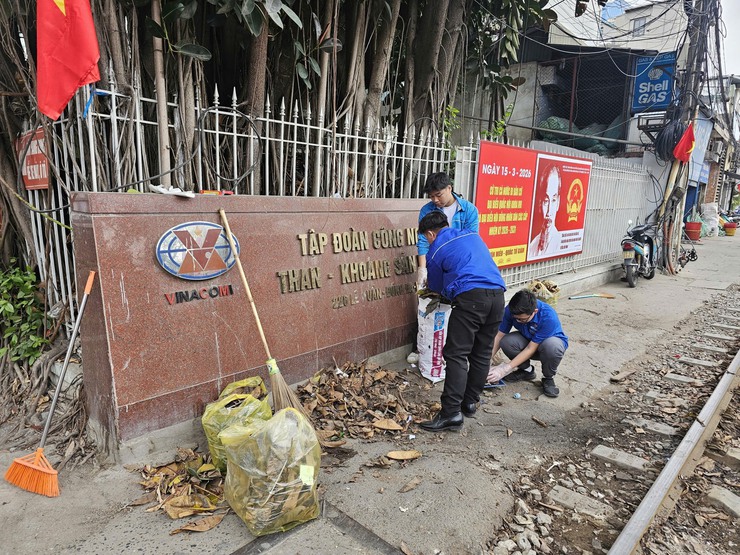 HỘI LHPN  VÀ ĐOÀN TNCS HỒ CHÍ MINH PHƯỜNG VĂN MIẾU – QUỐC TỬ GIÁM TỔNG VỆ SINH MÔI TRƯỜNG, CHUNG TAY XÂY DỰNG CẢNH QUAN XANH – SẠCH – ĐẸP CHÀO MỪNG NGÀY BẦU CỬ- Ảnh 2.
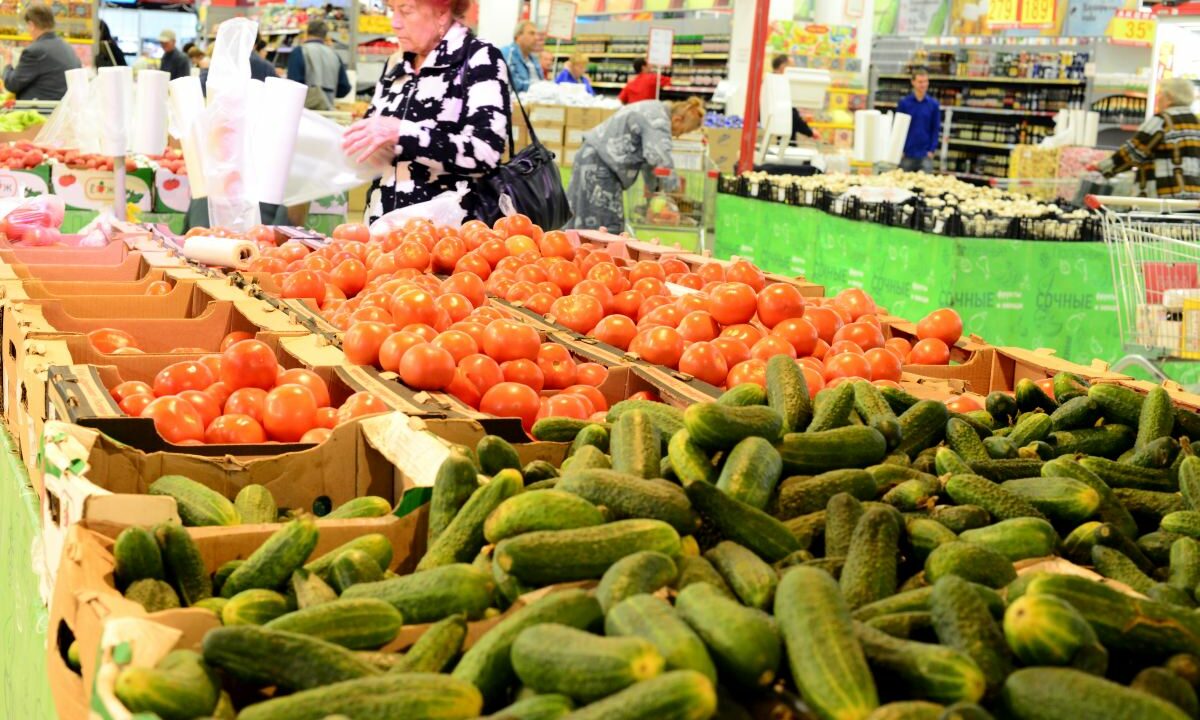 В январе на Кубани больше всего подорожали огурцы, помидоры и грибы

☆ ☆ ☆

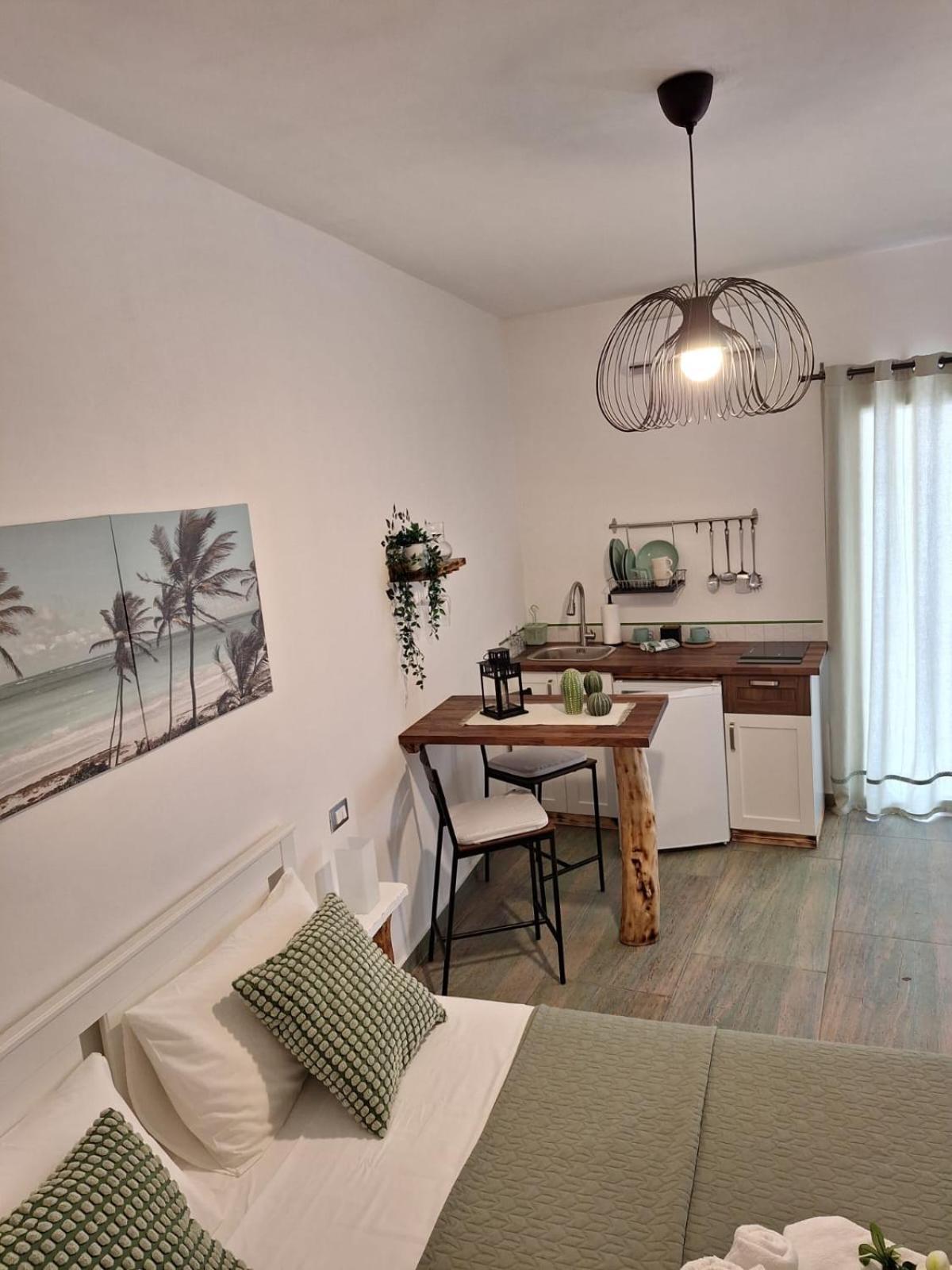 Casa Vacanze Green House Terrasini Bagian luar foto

☆ ☆ ☆

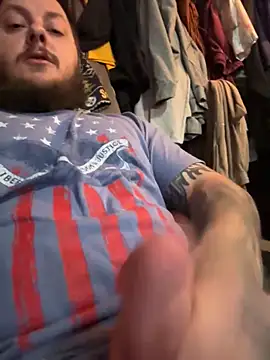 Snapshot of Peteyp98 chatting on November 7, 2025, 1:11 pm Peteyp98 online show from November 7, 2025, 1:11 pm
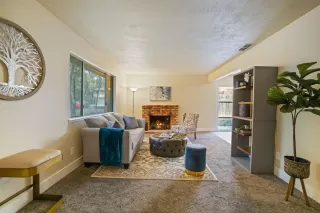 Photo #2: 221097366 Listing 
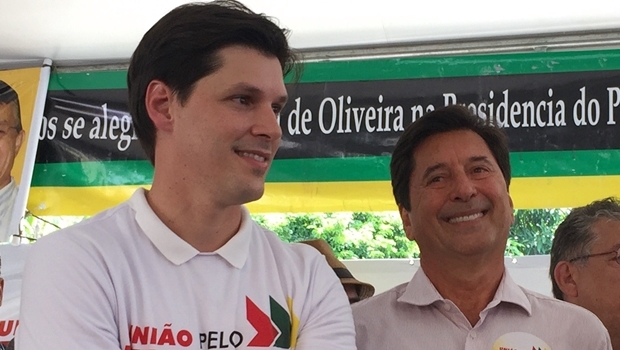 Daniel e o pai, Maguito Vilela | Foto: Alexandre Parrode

☆ ☆ ☆

* [ACTIVITY]: All pictures are to be skipped. Output, word for word, the lines in the data above starting at the line containing "BẦU CỬ- Ảnh 2." and ending at the line containing "В январе на".

* [EXPECTED OUTPUT]:
 HỘI LHPN  VÀ ĐOÀN TNCS HỒ CHÍ MINH PHƯỜNG VĂN MIẾU – QUỐC TỬ GIÁM TỔNG VỆ SINH MÔI TRƯỜNG, CHUNG TAY XÂY DỰNG CẢNH QUAN XANH – SẠCH – ĐẸP CHÀO MỪNG NGÀY BẦU CỬ- Ảnh 2.
 В январе на Кубани больше всего подорожали огурцы, помидоры и грибы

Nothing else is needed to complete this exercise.